■ Task goal ■
In the records below, the relevant part opens with the line containing "PSE認証済み 超薄型LED投光器 350W 大型照明 LED作業灯明るい PSE認証済み" and closes with the line containing "Campanet, Spain"; print that part exactly and only, without its pictures.

■ Given entries ■
Start of Block

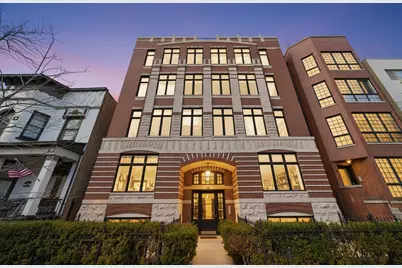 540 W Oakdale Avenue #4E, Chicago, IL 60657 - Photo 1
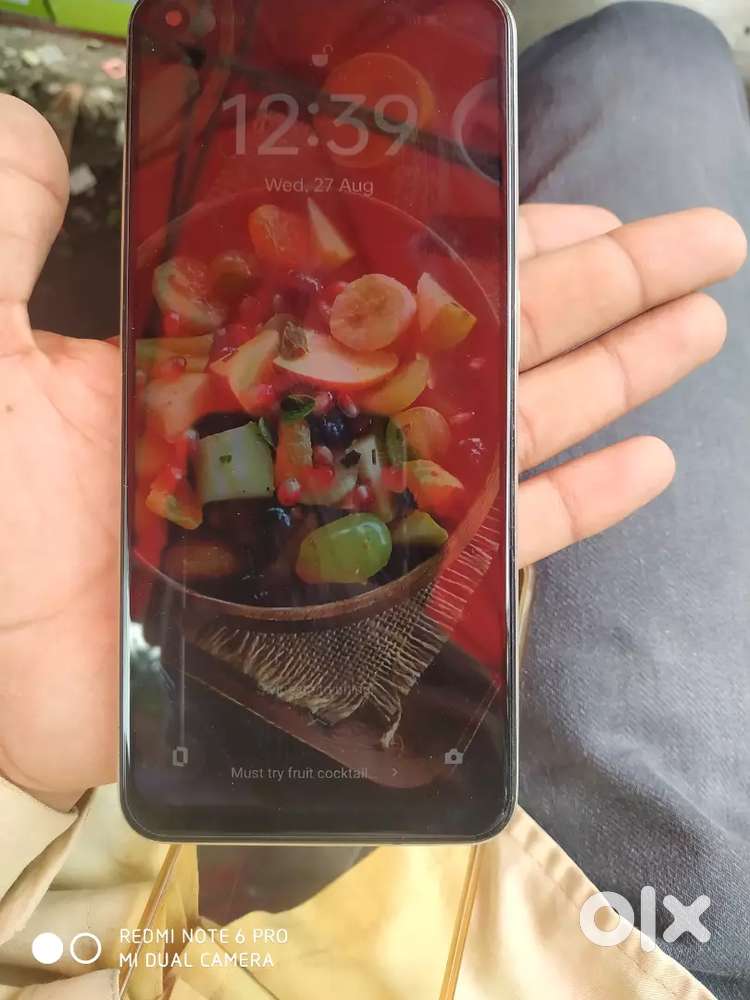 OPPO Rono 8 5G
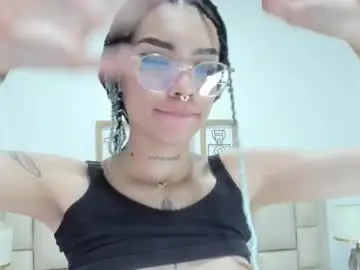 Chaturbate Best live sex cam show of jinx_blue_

End of Block
Start of Block

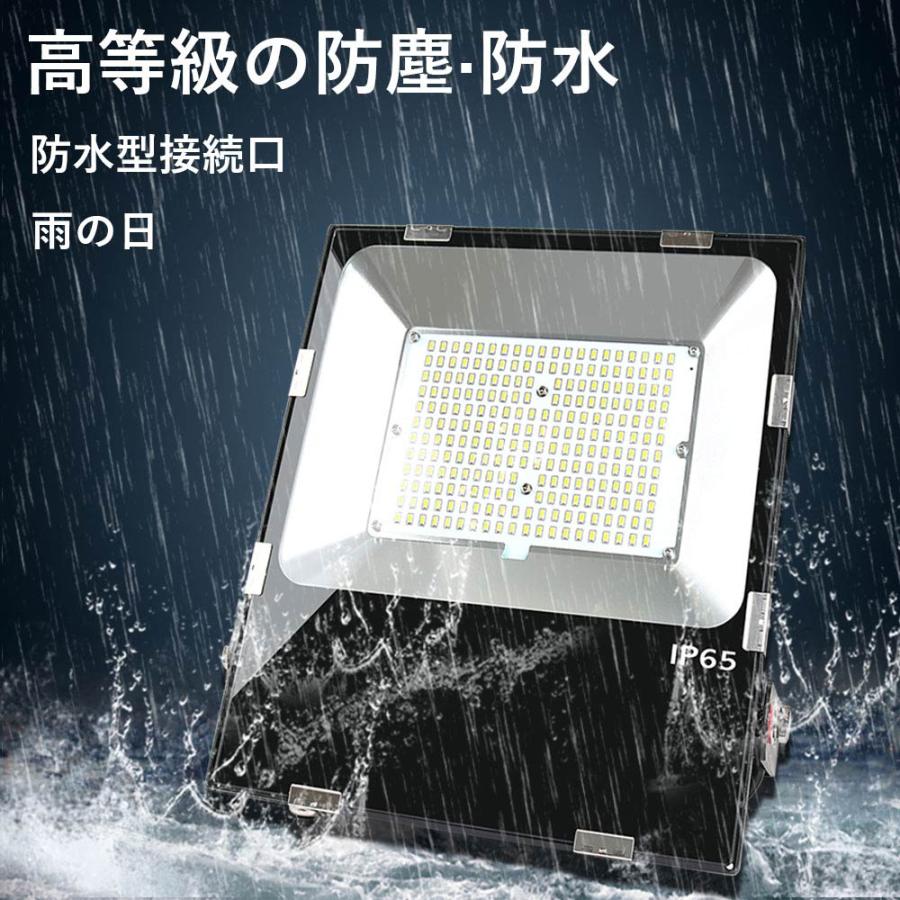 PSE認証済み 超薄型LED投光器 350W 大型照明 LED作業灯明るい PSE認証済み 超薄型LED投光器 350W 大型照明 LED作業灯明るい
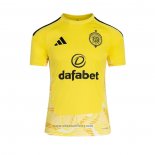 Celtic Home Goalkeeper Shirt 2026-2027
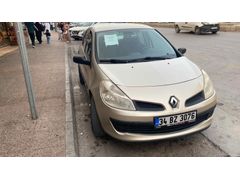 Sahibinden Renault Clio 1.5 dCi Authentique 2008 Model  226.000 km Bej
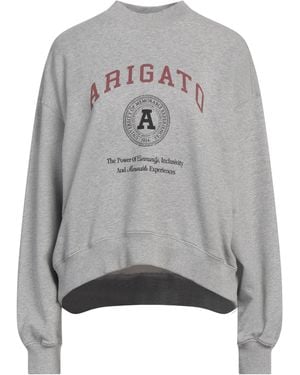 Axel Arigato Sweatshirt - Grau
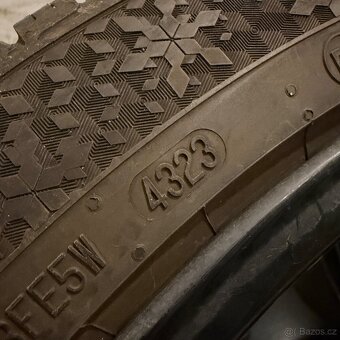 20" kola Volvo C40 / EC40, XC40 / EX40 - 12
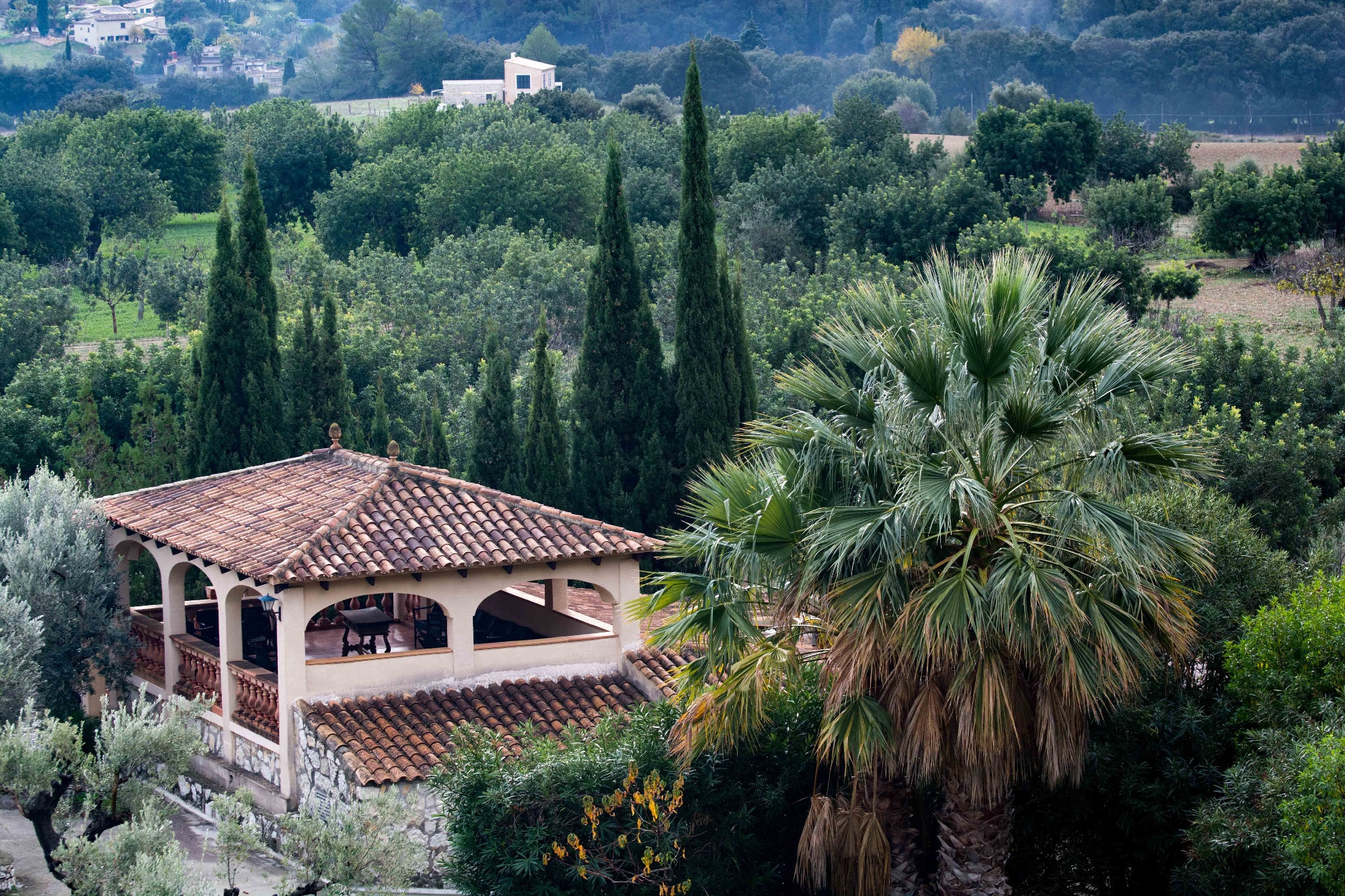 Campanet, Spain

End of Block

■ Finished task ■
 PSE認証済み 超薄型LED投光器 350W 大型照明 LED作業灯明るい PSE認証済み 超薄型LED投光器 350W 大型照明 LED作業灯明るい
 Celtic Home Goalkeeper Shirt 2026-2027
 Sahibinden Renault Clio 1.5 dCi Authentique 2008 Model  226.000 km Bej
 Axel Arigato Sweatshirt - Grau
 20" kola Volvo C40 / EC40, XC40 / EX40 - 12
 Campanet, Spain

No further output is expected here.